*LISTED RECORDS*:
==================================================

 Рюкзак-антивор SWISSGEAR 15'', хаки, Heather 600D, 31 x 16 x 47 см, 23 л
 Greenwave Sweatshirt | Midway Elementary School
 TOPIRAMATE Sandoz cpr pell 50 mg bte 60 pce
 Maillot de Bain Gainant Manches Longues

==================================================

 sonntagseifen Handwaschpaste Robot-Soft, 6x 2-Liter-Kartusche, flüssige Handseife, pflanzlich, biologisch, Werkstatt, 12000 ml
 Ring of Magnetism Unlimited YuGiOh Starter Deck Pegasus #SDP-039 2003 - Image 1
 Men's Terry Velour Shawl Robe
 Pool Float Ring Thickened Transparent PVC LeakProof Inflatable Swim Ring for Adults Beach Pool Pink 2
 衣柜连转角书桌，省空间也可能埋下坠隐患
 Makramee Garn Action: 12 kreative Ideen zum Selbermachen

==================================================

*WORK INSTRUCTIONS*: Look back at the entries above and repeat, unchanged, every line from the line holding "Men's Terry Velour Shawl Robe" through the line holding "Makramee Garn Action: 12".

*YOUR SOLUTION*:
 Men's Terry Velour Shawl Robe
 Pool Float Ring Thickened Transparent PVC LeakProof Inflatable Swim Ring for Adults Beach Pool Pink 2
 衣柜连转角书桌，省空间也可能埋下坠隐患
 Makramee Garn Action: 12 kreative Ideen zum Selbermachen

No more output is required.